Le problème de l'identité et l'impossibilité de connaître la vérité dans un monde où chacun est le seul garant de son récit sont souvent évoqués : qui est qui ("Conversation piece", "A Forgotten Poet"), qui ment ("That in Aleppo once"), pourquoi le narrateur n'est-il jamais reconnu de la jeune femme qu'il rencontre toujours par hasard ("Spring in Fialta")? (Reconnaître, se souvenir, oublier, trois faces de la nostalgie).

Reviennent au long des pages l'obsession du voyage, du déplacement, en particulier en train, la rapidité des images et leur immobilisation par les mots: ainsi la description des fils électriques disparaissant poteau après poteau, image bien connue de l'ennui de l'enfance en voyage: rien d'autre à faire que suivre des yeux cette image hypnotique des fils qui fuient et renaissent, enchaînés aux poteaux électriques sans espoir de s'échapper.

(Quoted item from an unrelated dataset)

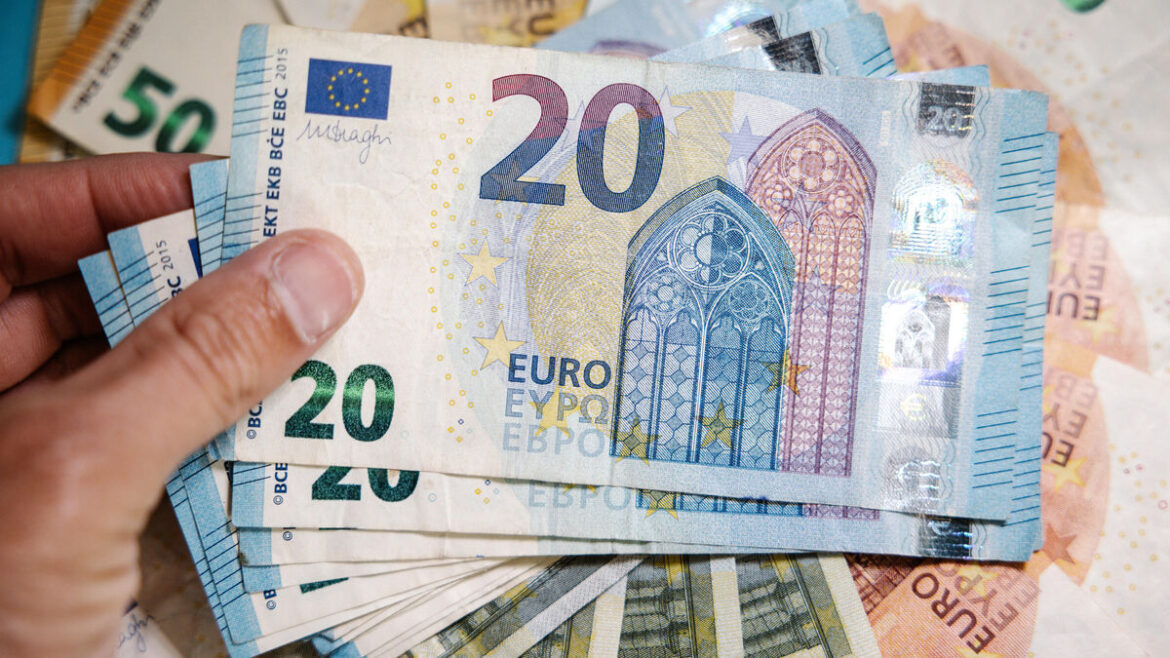 Incident Inattendu : Une Gérante de Bar Perd et Recouvre 19 000 Euros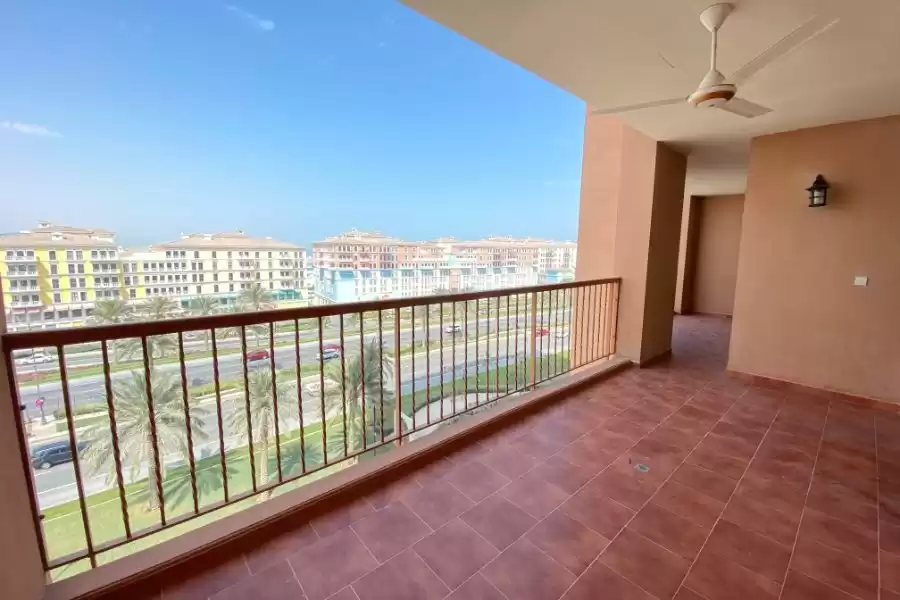 Résidentiel Propriété prête 2 chambres S / F Appartement  a louer au Al-Sadd , Doha #11197 - 1  image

The door of compartment was open and I could see the corridor window, where the wires — six thin black wires — were doing their best to slant up, to ascend skywards, despite the ligning blows dealt them by one telegraph pole after another; but just as all six, in a triumphant swoop of pathetic elation, were about to reach the top of the window, a particularly vicious blow would bring them down, as low as they had ever been, and they would have to start all over again.
Navokov, "First Love"

Le regard est ce qui immobilise et donne vie aux images : une image qui fuit, insaisie, est une image oubliée, morte-née. Et cependant, saisir l'image, le souvenir, c'est pour le poète ou l'écrivain accepter de la perdre en la partageant. Ecrire, c'est se déposséder (et ainsi s'exorciser de ses souvenirs, leur échapper?):

I have often noticed that after I had bestowed on the characters of my novels some treasured item of my past, it would pine away in the artificial world where I had so abruptly placed it.

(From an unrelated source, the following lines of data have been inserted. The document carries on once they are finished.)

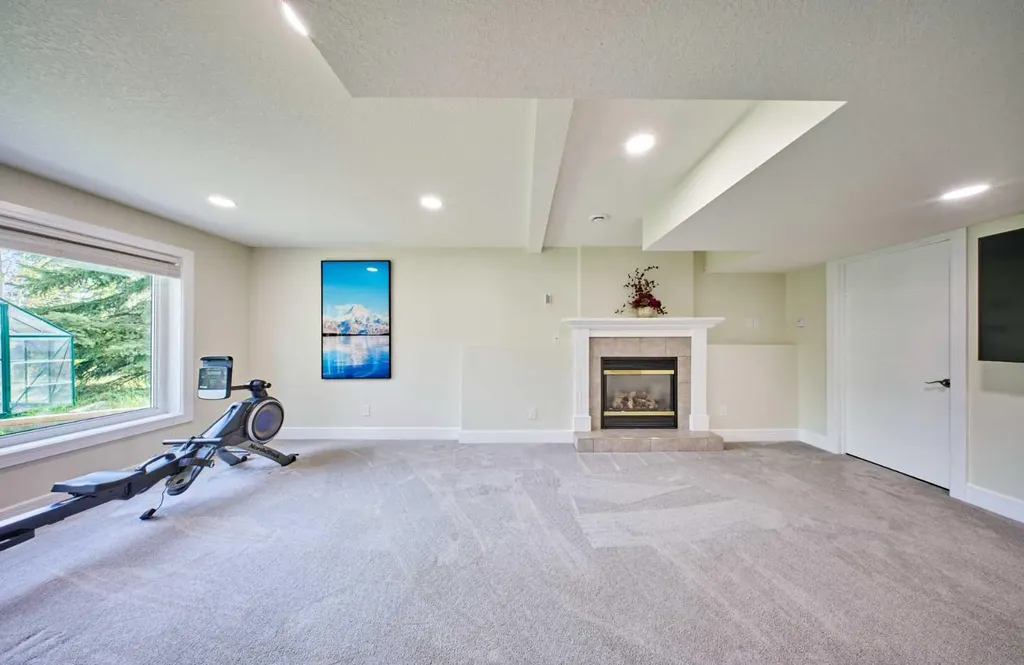 252 Edgebank Circle NW Calgary AB T3A 4W1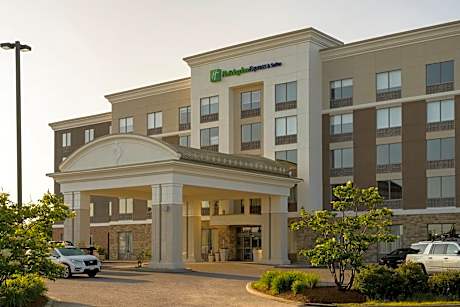 Holiday Inn Express Hotel & Suites North Bay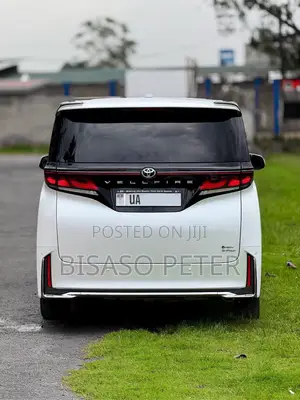 Toyota Vellfire 2024 White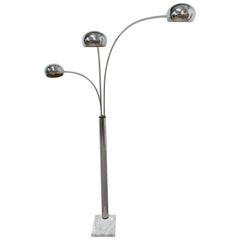 French Arc Floor Lamp in Chrome and Marble style Christian Koban, circa 1970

Et cela touche même des objets aussi humbles que des crayons de couleur:

Alas, these pencil, too, have been distributed among the characters in my books to keep fictitious children busy; they are not quite my own now.
Nabokov, "Mademoiselle O."

Dans le monde de Nabokov, les objets touchés par le regard ou par l'attention du narrateur acquièrent une dimension fantastique, souvent grâce à la lumière ou aux couleurs:

Only by heroic effort can I make myself unscrew a bulb that has died an inexplicable death and screw in another, wich will light up in my face with the ideous instancy of a dragon’s egg hatching in one’s bare hand.
Nabokov, "Lance"

But the most constant source of enchantment during those readings came from the harlequin pattern of coloured panes inset in a white-washed framework on either side of the veranda. The garden when viewed through these magic glasses grew strangely still and aloof. If one looked through blue glass, the sand turned to cinders while inky trees swam in a tropical sky. The yellow created an amber world infused with an extra strong brew of sunshine. The red made the foliage drip ruby dark upon a coral-tinted footpath. The green soaked greenery in a greener green. And when, after such richness, one turned to a small square of normal savouless glass, with its lone mosquito or lame daddy-longlegs, it was like taking a draught of water when one is not thirsty, and one saw a matter-ofofact white bench under familiar trees. But of all the windows this is the pane though wich in later years parched nostalgia longed to peer.
Nabokov, "Mademoiselle O."

L'attention portée aux noms, à la dimension sensuelle des noms, rappelle Proust :

I am fond of Fialta; I am fond of it because I feel in the hollow of those violaceous syllables the sweet dark dampness of the most rumpled of small flowers, and because the alto-like name of a lovely Crimean town is echoed by its viola [...]
Nabokov, "Spring in Fialta"

Et quand je pensais à Florence, c’était comme à une ville miraculeusement embaumée et semblable à une corolle, parce qu’elle s’appelait la cité des lys et sa cathédrale, Sainte-Marie-des-Fleurs.
Proust, Du côté de chez Swann, Pléiade Clarac t1, p.388

Mais ce qui m'émeut le plus, c'est la façon dont court au fil des récits l'interrogation sur la mort, cet espoir, ce désir, qu'il y ait quelque chose après, et la façon de tourner en dérision cet espoir, par une boutade, un pari, un défi :

If metal is immortal, then somewhere
there lies the burnished button that I lost
upon my seventh birthday in a garden.
Find me that button and my soul will know
that every soul is saved ant stored and treasured.
Vladimir Nabokov, “The Forgotten Poet” in Nabokov’s Dozen, p.36

Ces quelques vers me rappellent Pale Fire dont les premières lignes nous apprennent la date de la mort du poète Shade («John Francis Shade (born July 5, 1898, died July 21, 1959)» tandis que Shade écrit dans l'avant-dernier couplet de son poème:

l'm reasonably sure that we survive
And that my darling somewhere is alive,
As I am reasonably sure that I
Shall wake at six tomorrow, on July
The twenty-second, nineteen fifty-nine,[...]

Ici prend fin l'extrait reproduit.